WHAT TO PRODUCE
Without the pictures, set down the records below word for word.

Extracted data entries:
%%

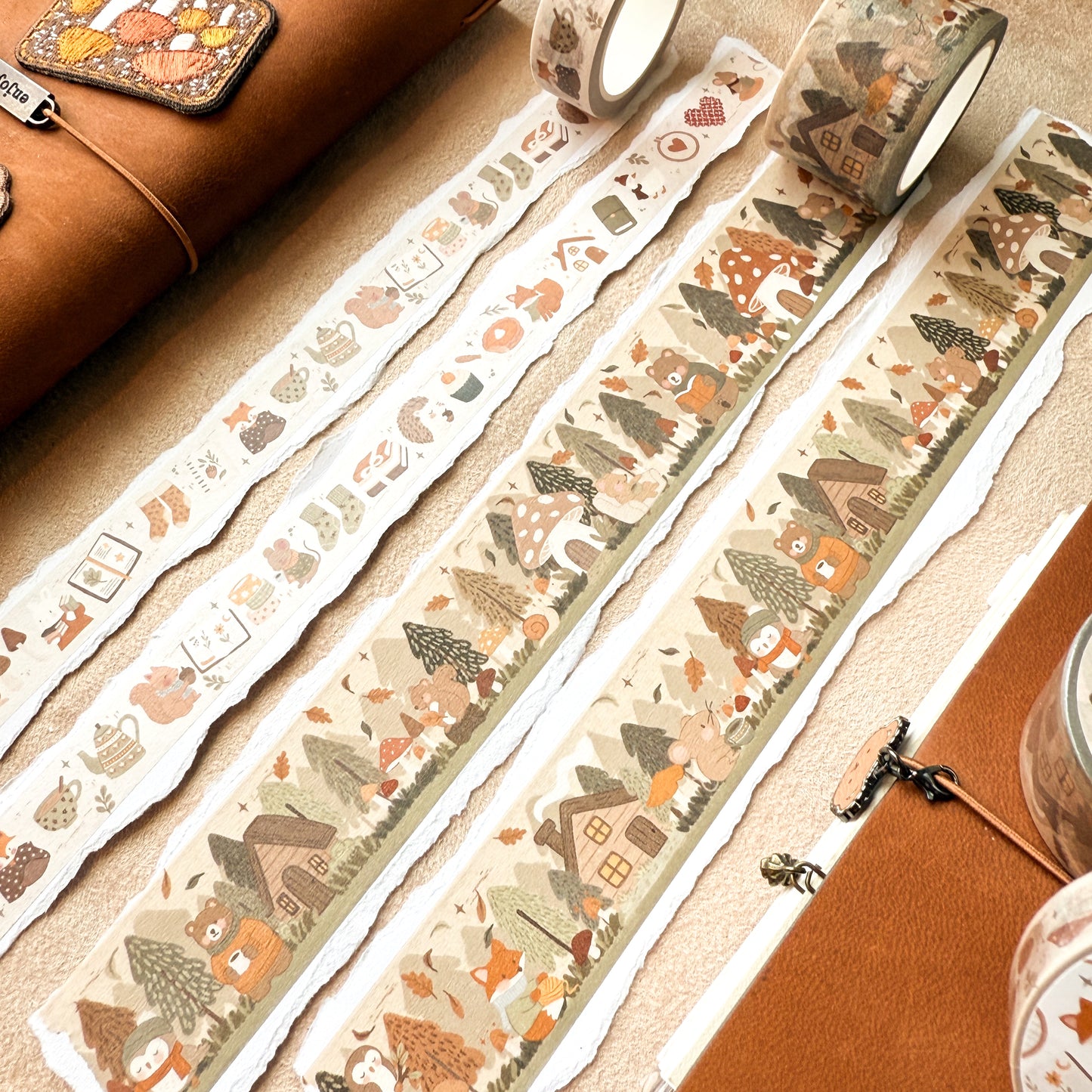 Maple Washi Bundle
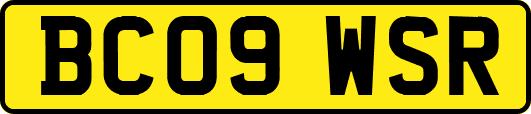 BC09WSR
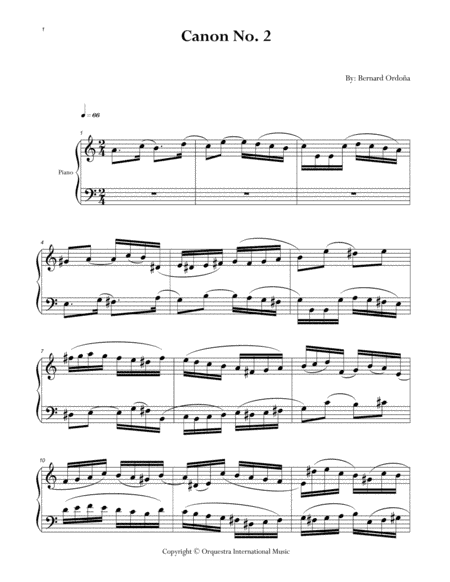 Canon No. 2
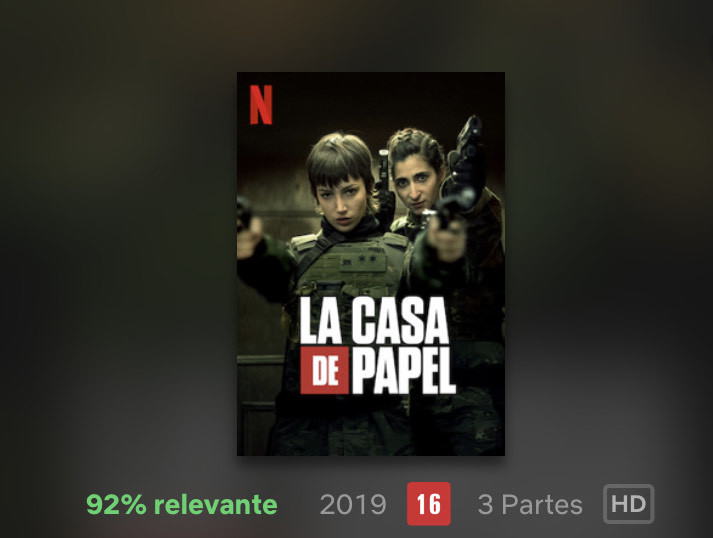 LÁ CASA DE PAPEL 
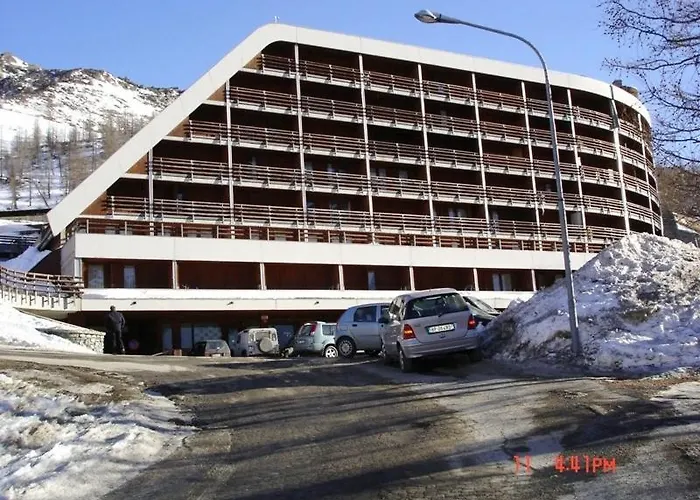 Panorama A La Grand'ourse Di Cervinia Cir Vda Valtournenche 0198 Breuil-Cervinia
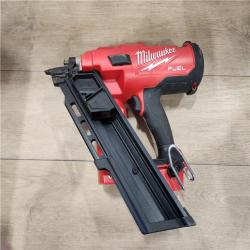 AS-IS- MILWAUKEE 21 DEGREE FRAMING NAILER (TOOL ONLY)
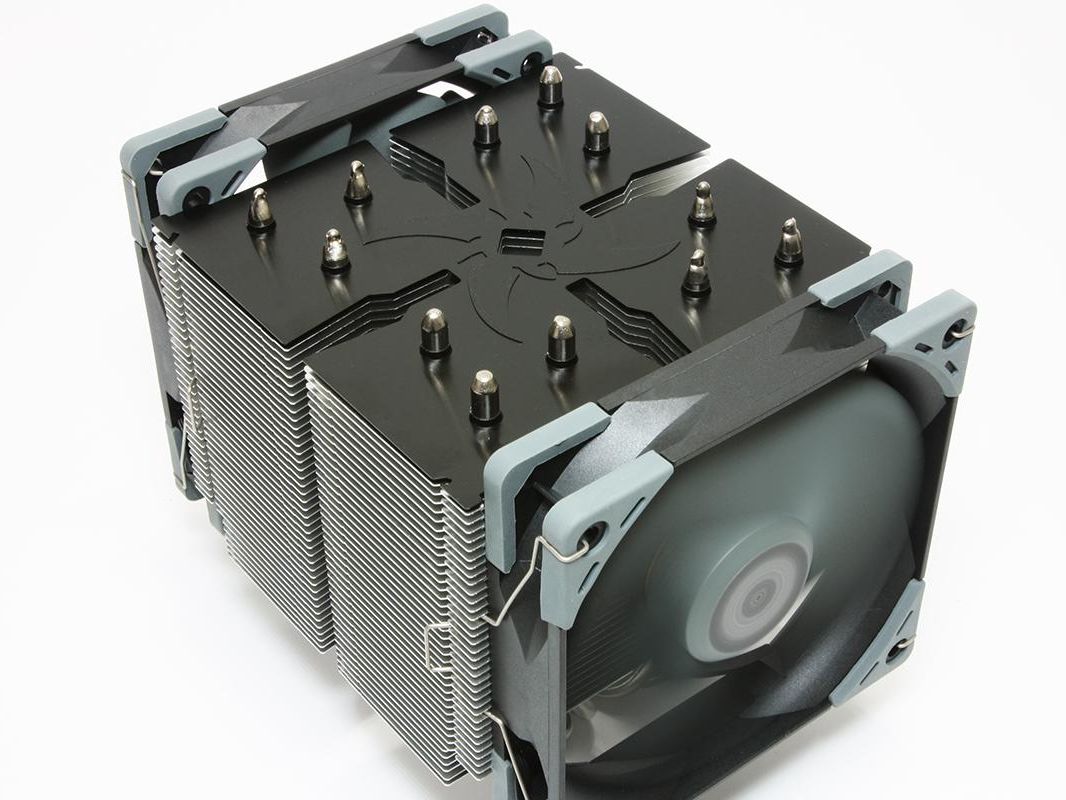 Scythe Ninja 5 Review: Big Air On The Square - Tom's Hardware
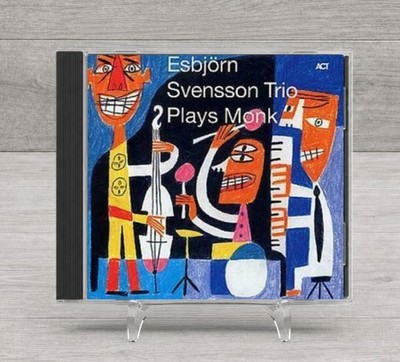 Esbjorn Svensson Trio Plays Monk CD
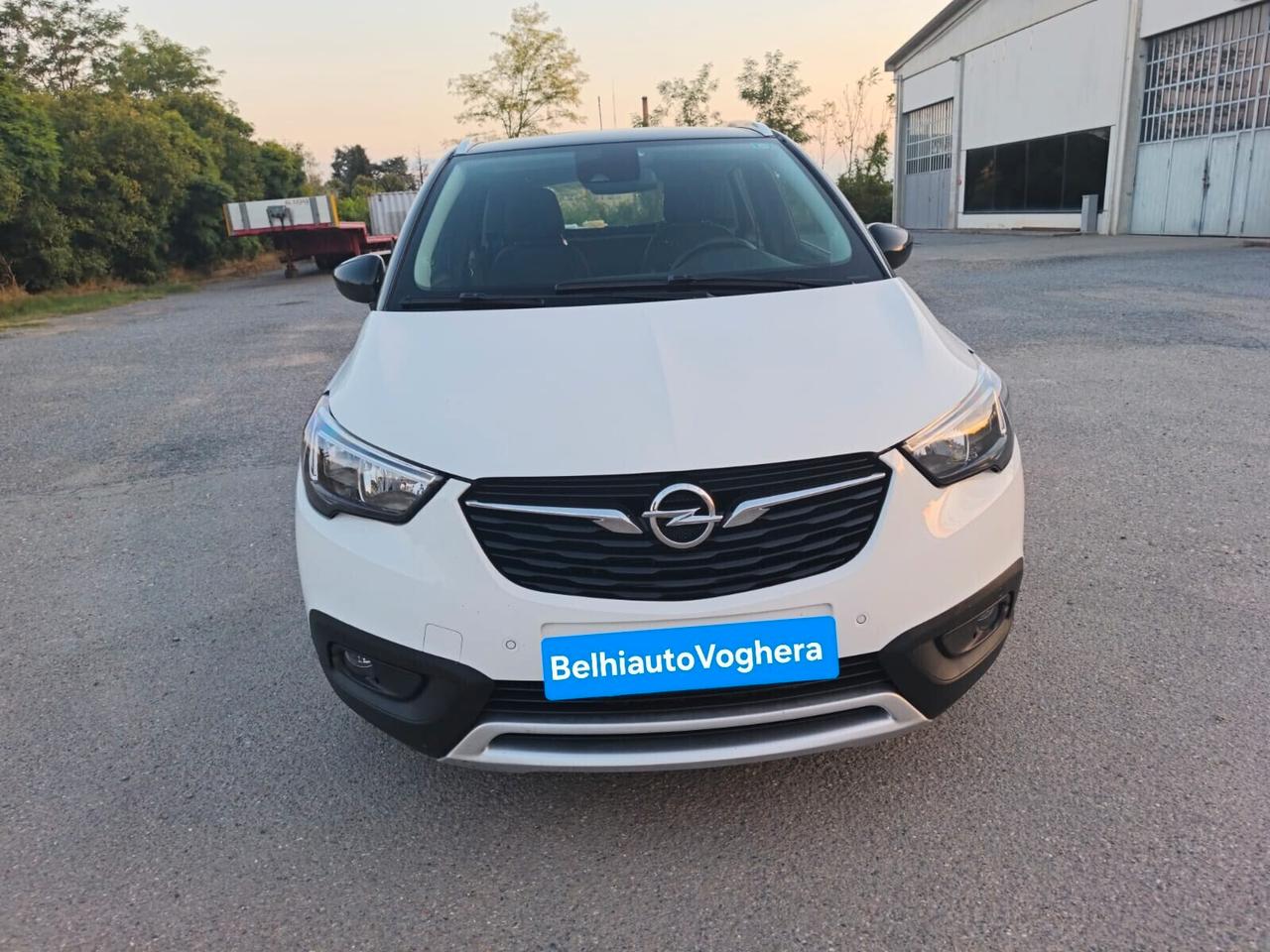 Opel Crossland X 2019---1.5 Diesel Automatica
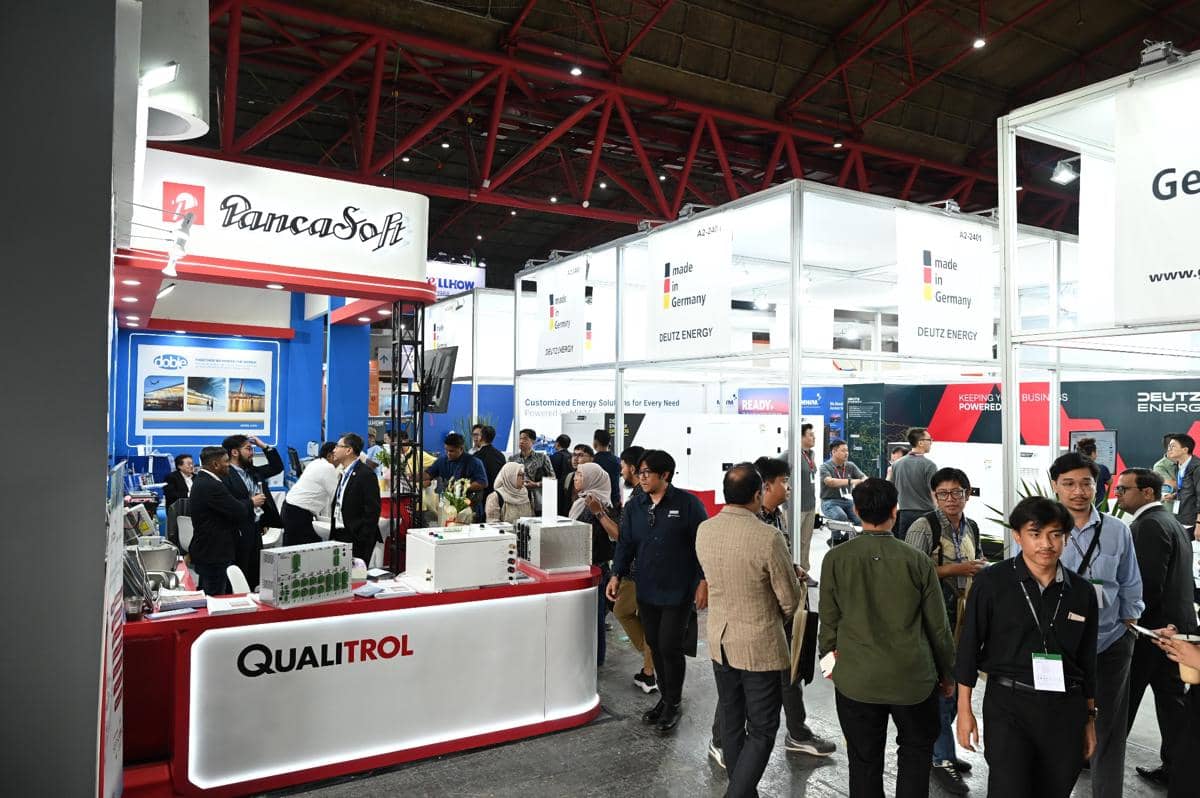 Suasana Exibition IEE Series Energy Week 2026 (04).JPG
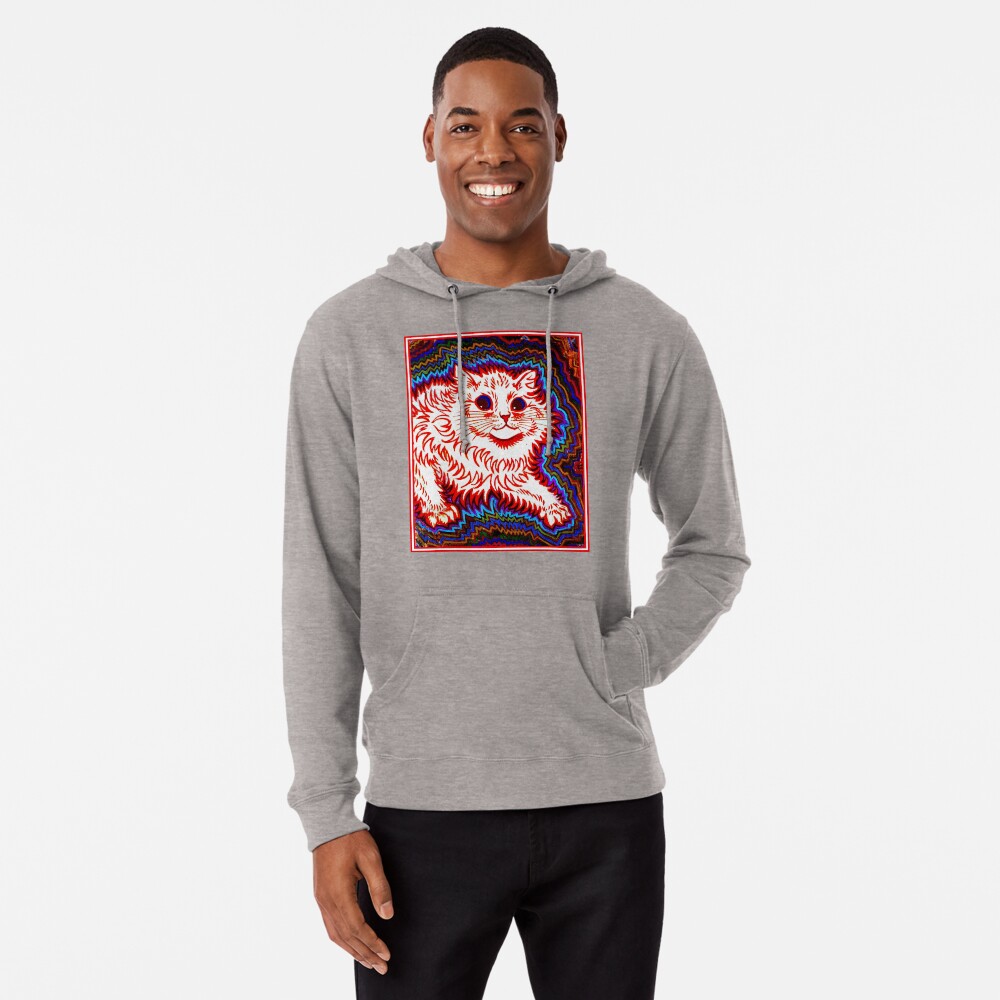 Item preview, Lightweight Hoodie designed and sold by posterbobs.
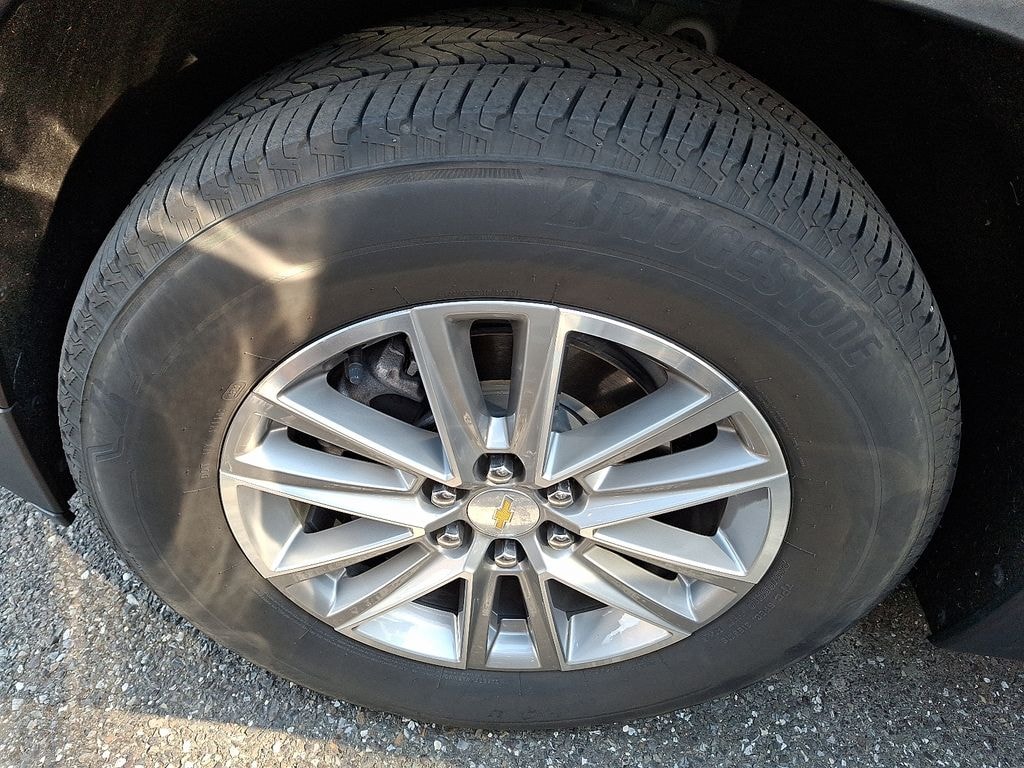 Certified 2022 Chevrolet Traverse LT Cloth w/1LT SUV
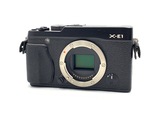 中古】フジフイルム X-E1 ボディ ブラック 在庫一覧｜カメラのキタムラ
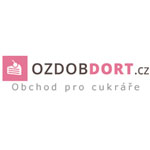 OzdobDort Slevy až - 15% pro členy věrnostního programu na Ozdobdort.cz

%%

YOUR SOLUTION
 Maple Washi Bundle
 BC09WSR
 Canon No. 2
 LÁ CASA DE PAPEL 
 Panorama A La Grand'ourse Di Cervinia Cir Vda Valtournenche 0198 Breuil-Cervinia
 AS-IS- MILWAUKEE 21 DEGREE FRAMING NAILER (TOOL ONLY)
 Scythe Ninja 5 Review: Big Air On The Square - Tom's Hardware
 Esbjorn Svensson Trio Plays Monk CD
 Opel Crossland X 2019---1.5 Diesel Automatica
 Suasana Exibition IEE Series Energy Week 2026 (04).JPG
 Item preview, Lightweight Hoodie designed and sold by posterbobs.
 Certified 2022 Chevrolet Traverse LT Cloth w/1LT SUV
 中古】フジフイルム X-E1 ボディ ブラック 在庫一覧｜カメラのキタムラ
 OzdobDort Slevy až - 15% pro členy věrnostního programu na Ozdobdort.cz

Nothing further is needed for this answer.